Henry soltó un bufido desdeñoso.
—Ya, un canalla de la calle Spring —dijo—. Un gordo fofo con un rubí ful en la manopla. Llévame a verlo. Le daremos la vuelta de arriba abajo y le estrujaremos el hígado. Pero estamos a punto de quedarnos sin priva. No tenemos más que cosa de medio litro —dijo a la vez que examinaba la botella a contraluz.
—Tenemos suficiente por ahora, Henry.
—No estamos borrachos, ¿verdad? Solo me he tomado siete desde que llegué aquí, puede que nueve.
—Ciertamente, no lo estamos, Henry, pero tú te tomas unas copas muy grandes y tenemos por delante una noche complicada. Creo que lo que deberíamos hacer ahora es afeitarnos y vestirnos e incluso diría yo que deberíamos ponernos ropa de etiqueta. Tengo un traje de repuesto que te sentará admirablemente, puesto que somos exactamente de la misma talla. Ciertamente es un augurio notable que dos hombres tan grandotes se asocien en una misma empresa. La ropa de etiqueta impresiona a esa gente de clase baja, Henry.
—De lujo —dijo Henry—. Pensarán que somos unos matones que trabajan para algún pez gordo. Ese Gandesi se asustará tanto como para tragarse la pajarita.
Decidimos hacer lo que yo había sugerido y saqué ropa para Henry. Mientras él se bañaba y afeitaba, telefoneé a Ellen Macintosh.
—Oh, Walter, me alegro mucho de que llames —exclamó—. ¿Has encontrado algo?
—Todavía no, cariño —dije—. Pero tengo una idea. Henry y yo estamos a punto de ponernos en acción.
—¿Henry, Walter? ¿Henry, qué más?
—Caramba, Henry Eichelberger, naturalmente, querida. ¿Lo has olvidado tan pronto? Henry y yo somos buenos amigos y ahora...
Me interrumpió en tono frío. Preguntó con una voz muy distante:
—¿Estás bebiendo, Walter?
—Ciertamente, no, cariño. Henry es abstemio.
Soltó un resoplido. Oí claramente el sonido por el teléfono.

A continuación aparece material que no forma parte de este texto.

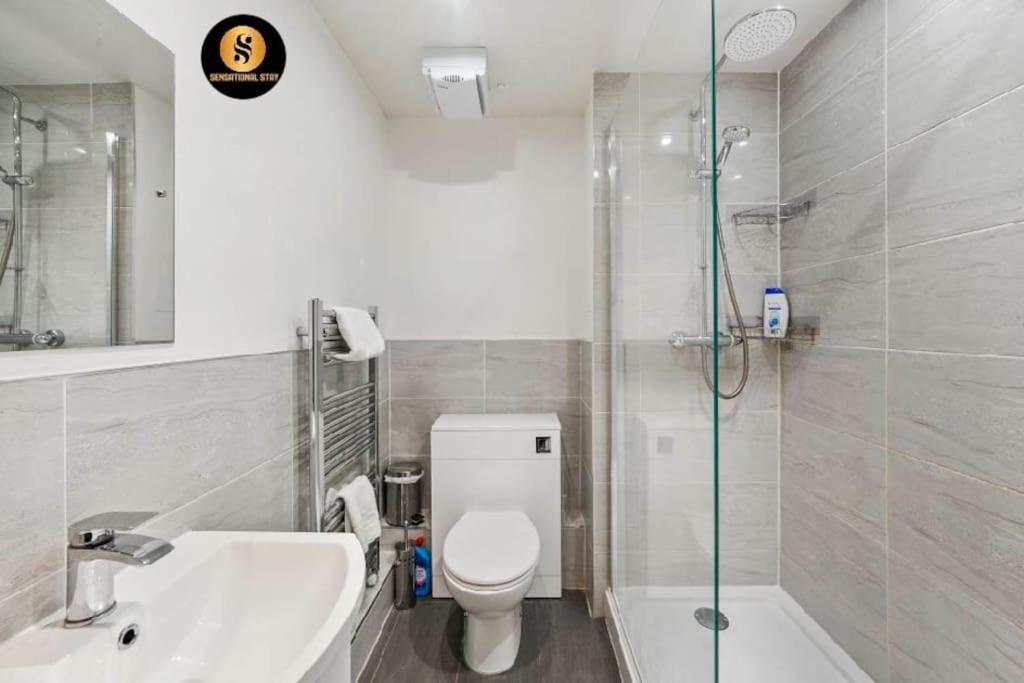 4 Separate Beds, Sleeps 6, Beautiful 2 Bed *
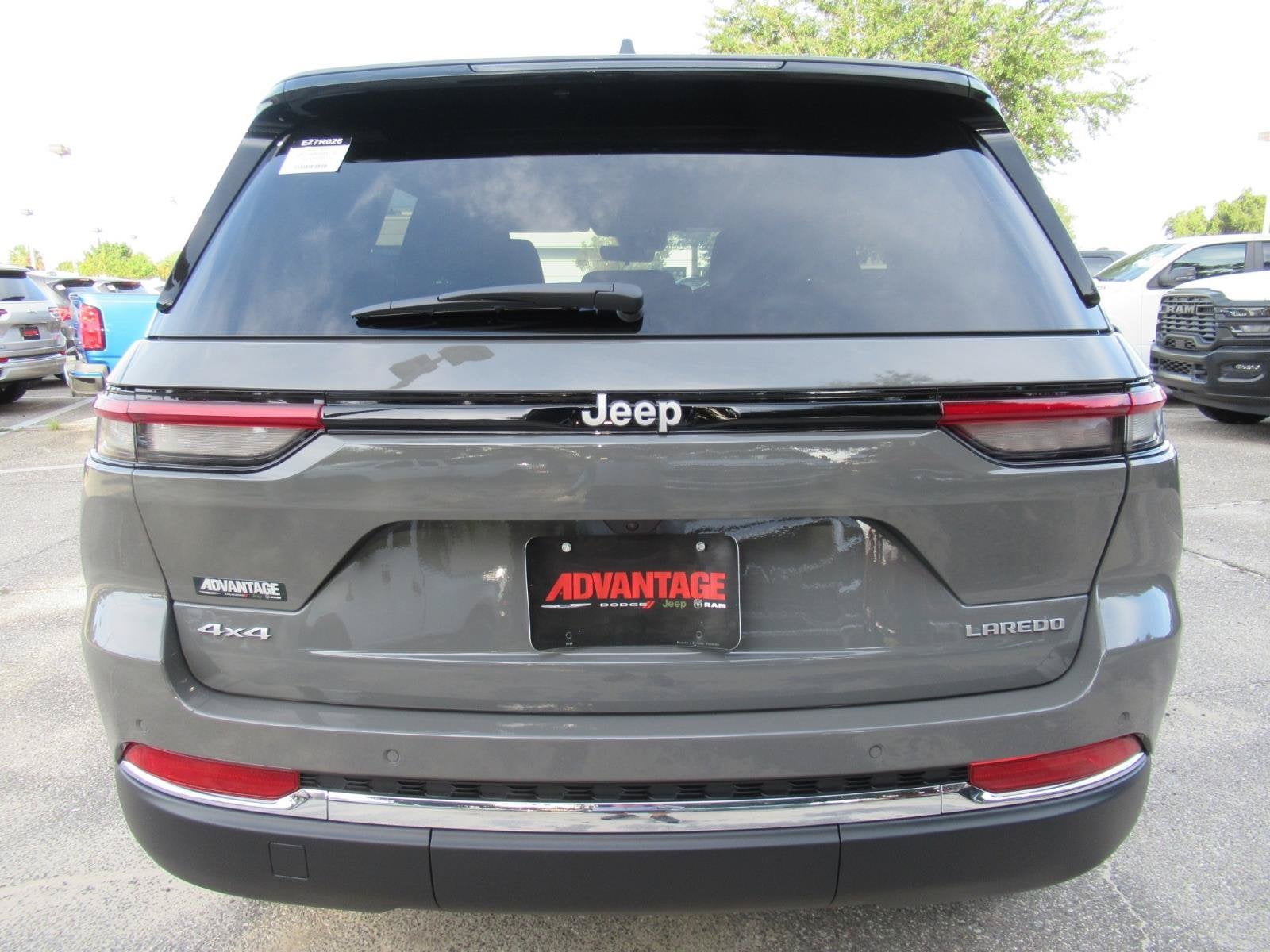 2027 Jeep Grand Cherokee GRAND CHEROKEE LAREDO X 4X4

—¿Pero no fue Henry el que se llevó las perlas? —preguntó después de una pausa bastante larga.
—¿Henry, corazón? Por supuesto que no. Henry dejó el trabajo porque estaba enamorado de ti.
—Oh, Walter, ¿ese simio? Estoy segura de que estás bebiendo terriblemente y no quiero volver a hablar nunca más contigo. Adiós —y colgó el teléfono con fuerza, de manera que una sensación dolorosa se hizo sentir en mi oído.
Me instalé en una butaca con una botella de Old Plantation en la mano preguntándome qué habría dicho que pudiera interpretarse como algo ofensivo o indiscreto. Como no conseguía que se me ocurriera nada me consolé con la botella hasta que Henry salió del cuarto de baño con un aspecto extraordinariamente agradable gracias a una de mis camisas de pechera y cuello de pico y una pajarita negra.
Cuando nos marchamos del apartamento ya estaba oscuro, y yo, por lo menos, iba lleno de esperanza y confianza, aunque un poco afectado por la manera en que Ellen Macintosh me había hablado por teléfono.